I’tidal itu termasuk rukun shalat.
Beliau berdiri tegak sampai tulang menempati tempatnya masing-masing (natural).
Ketika sudah berdiri.. Rasulullah shallallahu alaihi wasallam membaca:
رَبَّنَا وَلَكَ الْحَمْدُ
“Wahai Rabb kami, hanya untukmulah segala pujian.” (HR. al-Bukhari no. 732 dan Muslim no. 866 dari Abu Hurairah).
Rasulullah shallallahu alaihi wasallam memerintahkan membaca kedua bacaan di atas baik bagi imam maupun makmum.
Itu pendapat Syaikh Al-Albani dan ulama Syafi’iyah.
Hadits berikut.
وَإِذَا رَفَعَ فَارْفَعُوا ، وَإِذَا قَالَ سَمِعَ اللَّهُ لِمَنْ حَمِدَهُ . فَقُولُوا رَبَّنَا وَلَكَ الْحَمْدُ
“Jika imam bangkit dari ruku’, maka bangkitlah. Jika ia mengucapkan ‘sami’allahu liman hamidah (artinya: Allah mendengar pujian dari orang yang memuji-Nya) ‘, ucapkanlah ‘robbana wa lakal hamdu (artinya: Wahai Rabb kami, bagi-Mu segala puji)’.” (HR. Bukhari no. 689 dan Muslim no. 411)
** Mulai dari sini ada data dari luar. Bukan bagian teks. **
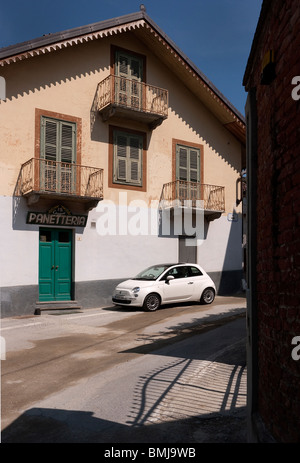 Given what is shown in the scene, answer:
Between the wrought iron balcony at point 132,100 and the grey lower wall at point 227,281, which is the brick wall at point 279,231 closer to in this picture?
the wrought iron balcony at point 132,100

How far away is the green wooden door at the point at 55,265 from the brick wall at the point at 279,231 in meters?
13.3

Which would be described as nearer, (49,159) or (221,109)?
(49,159)

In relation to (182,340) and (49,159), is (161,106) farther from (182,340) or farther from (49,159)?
(182,340)

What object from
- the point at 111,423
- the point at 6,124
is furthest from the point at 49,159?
the point at 111,423

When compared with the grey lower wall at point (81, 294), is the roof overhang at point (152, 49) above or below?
above

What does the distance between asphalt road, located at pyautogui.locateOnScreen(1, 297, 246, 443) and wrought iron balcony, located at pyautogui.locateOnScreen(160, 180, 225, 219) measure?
7835mm

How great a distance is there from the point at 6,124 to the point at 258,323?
1353cm

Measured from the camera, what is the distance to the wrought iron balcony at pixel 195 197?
63.5 feet

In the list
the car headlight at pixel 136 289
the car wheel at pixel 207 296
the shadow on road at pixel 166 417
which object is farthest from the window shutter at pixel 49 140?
the shadow on road at pixel 166 417

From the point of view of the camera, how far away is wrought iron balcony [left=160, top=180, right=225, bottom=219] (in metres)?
19.4

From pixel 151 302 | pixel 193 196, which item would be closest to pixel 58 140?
pixel 193 196

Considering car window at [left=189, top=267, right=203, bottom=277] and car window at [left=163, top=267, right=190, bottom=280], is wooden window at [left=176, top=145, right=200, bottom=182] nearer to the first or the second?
car window at [left=189, top=267, right=203, bottom=277]

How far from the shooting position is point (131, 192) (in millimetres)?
18453

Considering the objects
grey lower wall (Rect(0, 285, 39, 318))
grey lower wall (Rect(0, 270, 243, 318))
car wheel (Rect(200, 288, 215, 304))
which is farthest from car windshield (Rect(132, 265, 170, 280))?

Dhahirnya, makmum tidak membaca sami’allahu liman hamidah.
Syaikh Al-Albani menjelaskan hadits tersebut tidak menunjukkan bahwa makmum tidak ikut Imam membaca sami’allahu liman hamidah begitu pula tidak menunjukkan bahwa makmum mengikuti imam membaca robbana wa lakal hamdu.
Padahal hadits lain menjelaskan bahwa dijadikan imam untuk diikuti.
Karena hadits ini tidak didatangkan untuk menjelaskan bacaan Imam dan makmum ketika i’tidal namun makmum baca
robbana wa lakal hamdu setelah imam membaca sami’allahu liman hamidah.
Yang menguatkan pendapat ini adalah kenyataan bahwa dulu Rasulullah shallallahu alaihi wasallam juga membaca
robbana wa lakal hamdu dan juga perintah Rasulullah shallallahu alaihi wasallam untuk mengikuti shalat Rasulullah shallallahu alaihi wasallam.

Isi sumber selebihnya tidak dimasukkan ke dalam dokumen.